Reproduce every record exactly as it appears, but not the pictures.

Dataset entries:
* * * * * * * * *
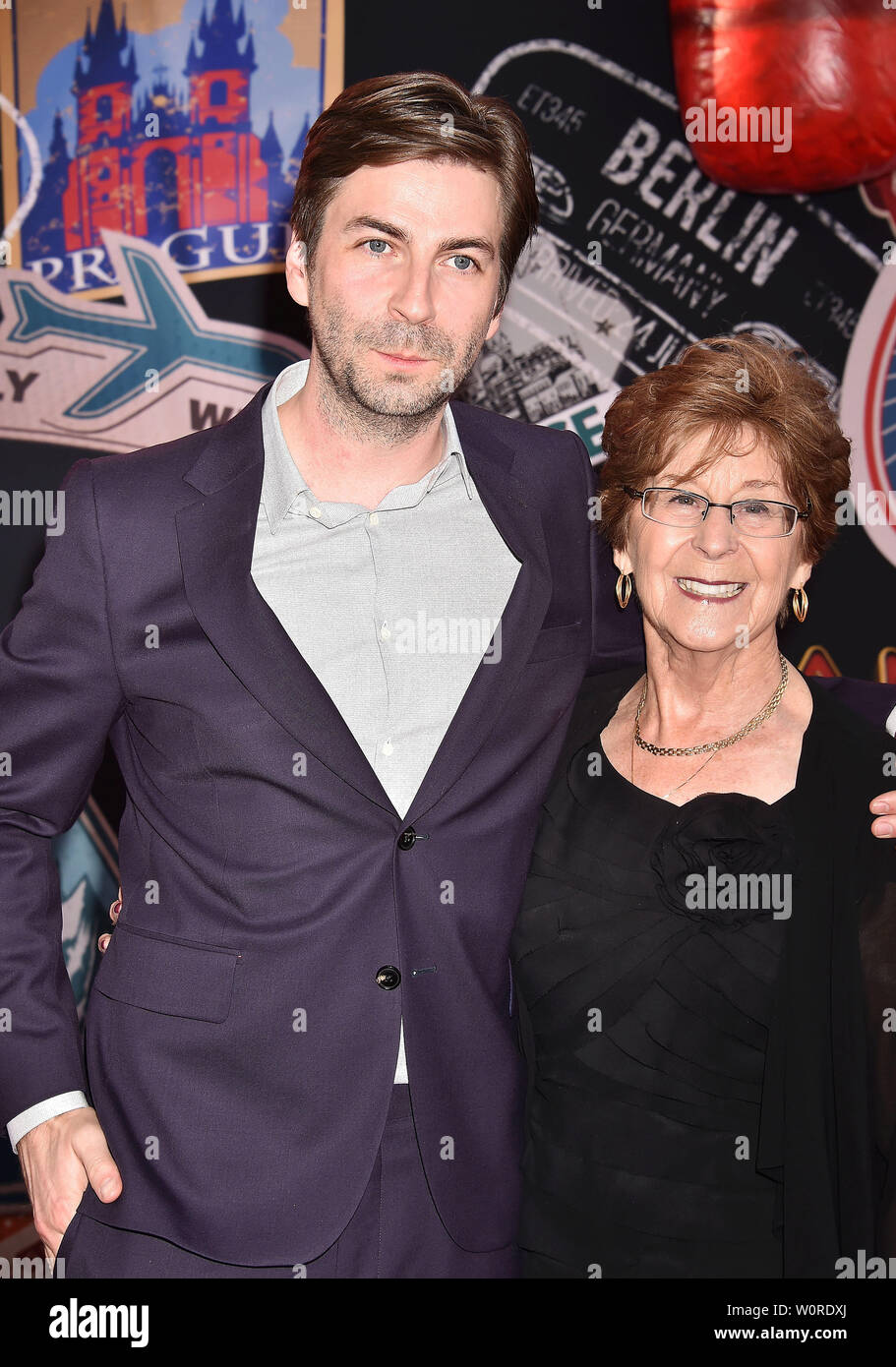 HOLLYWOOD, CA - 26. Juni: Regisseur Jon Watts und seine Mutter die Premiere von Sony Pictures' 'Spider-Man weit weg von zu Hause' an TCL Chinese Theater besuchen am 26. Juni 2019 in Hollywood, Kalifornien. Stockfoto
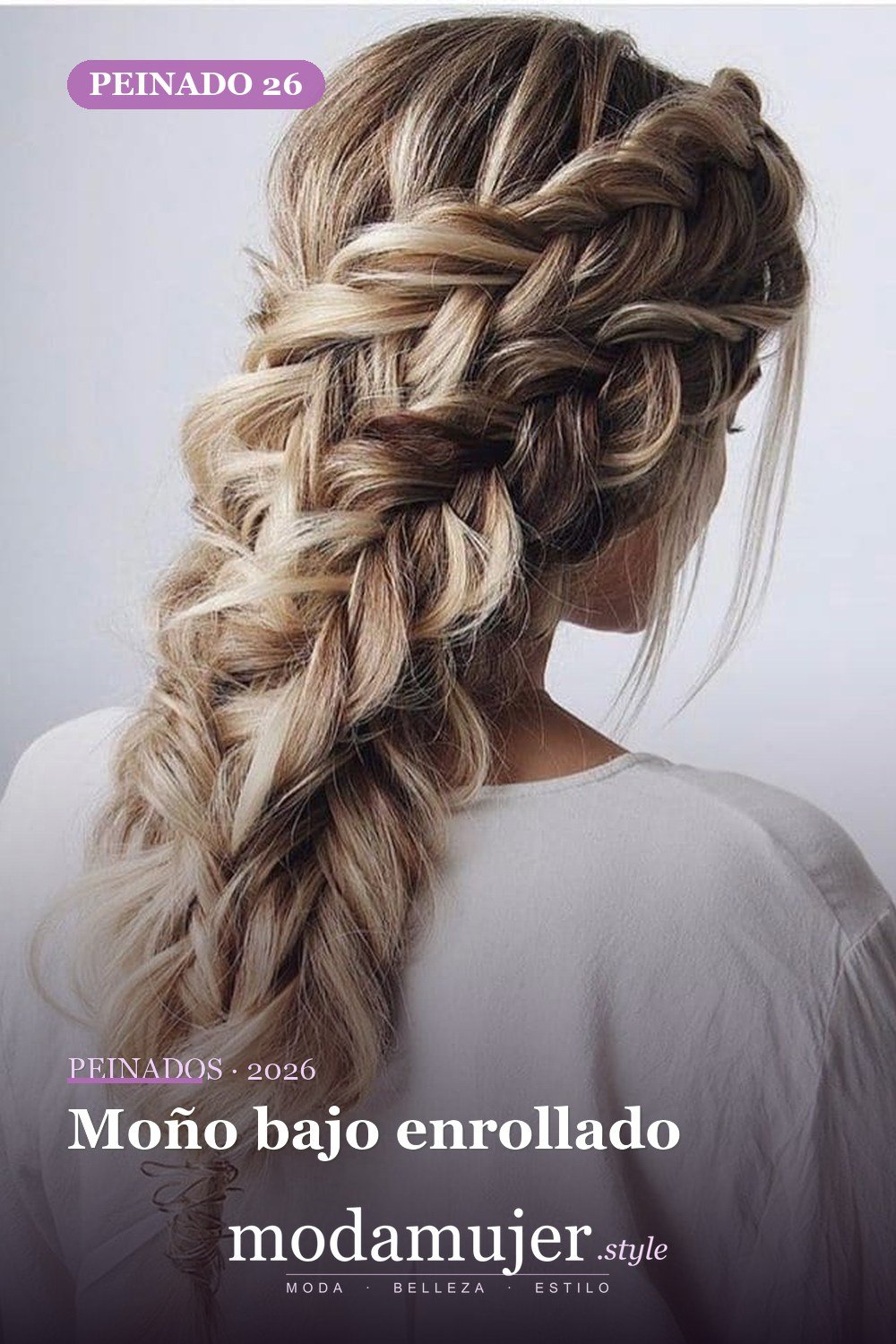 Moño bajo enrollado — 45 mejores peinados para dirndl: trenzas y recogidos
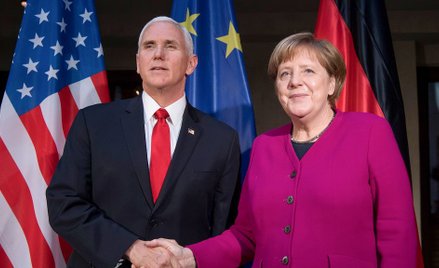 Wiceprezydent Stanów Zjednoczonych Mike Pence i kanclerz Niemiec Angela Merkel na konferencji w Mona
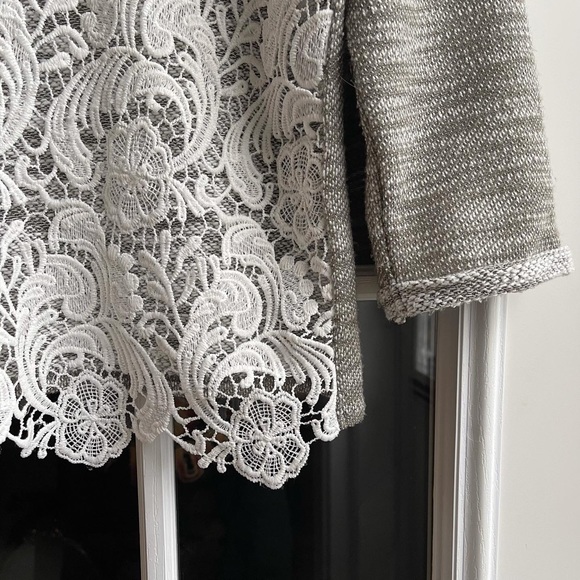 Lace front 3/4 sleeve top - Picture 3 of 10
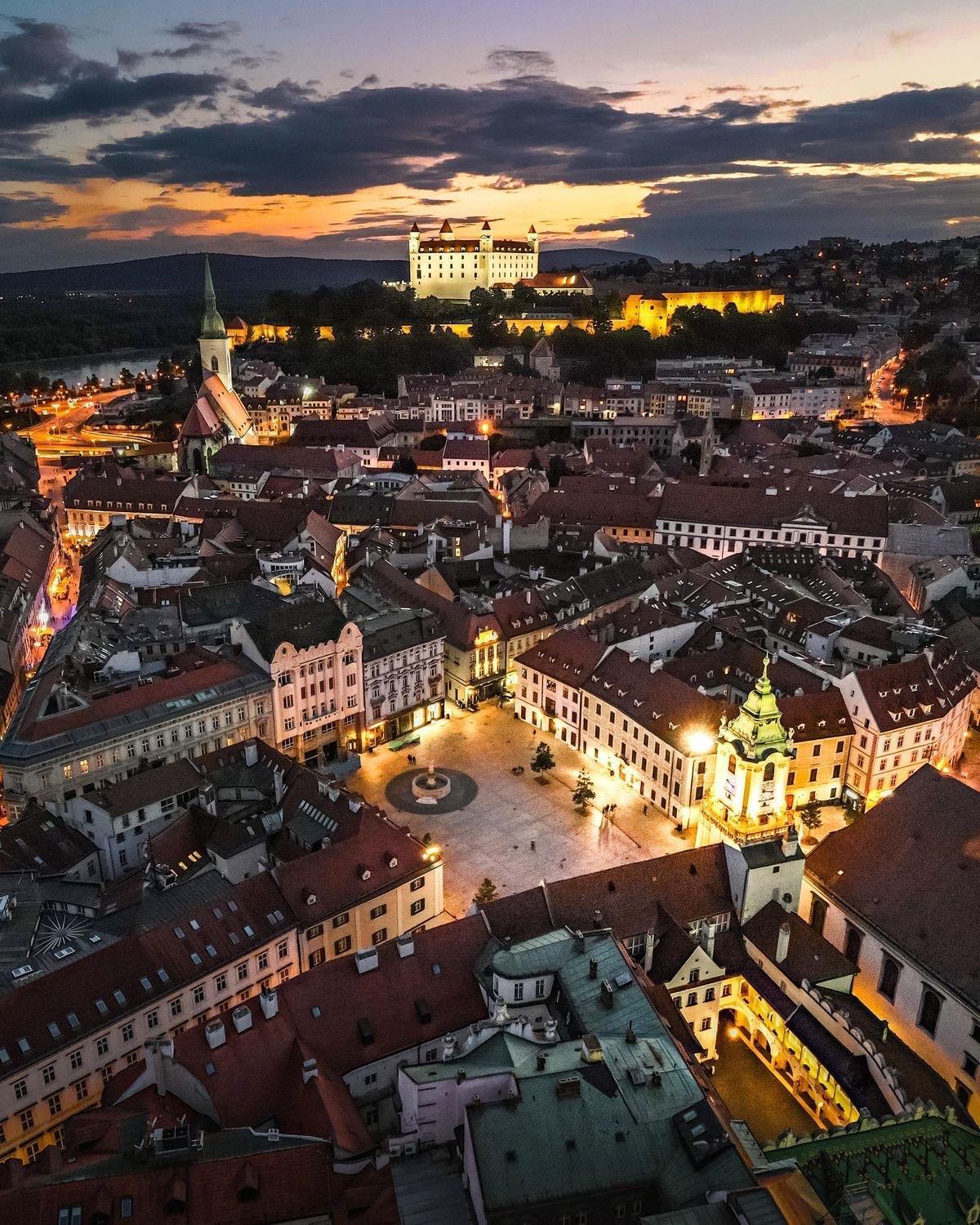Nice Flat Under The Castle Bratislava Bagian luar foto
* * * * * * * * *
Solution to this task:
 HOLLYWOOD, CA - 26. Juni: Regisseur Jon Watts und seine Mutter die Premiere von Sony Pictures' 'Spider-Man weit weg von zu Hause' an TCL Chinese Theater besuchen am 26. Juni 2019 in Hollywood, Kalifornien. Stockfoto
 Moño bajo enrollado — 45 mejores peinados para dirndl: trenzas y recogidos
 Wiceprezydent Stanów Zjednoczonych Mike Pence i kanclerz Niemiec Angela Merkel na konferencji w Mona
 Lace front 3/4 sleeve top - Picture 3 of 10
Nice Flat Under The Castle Bratislava Bagian luar foto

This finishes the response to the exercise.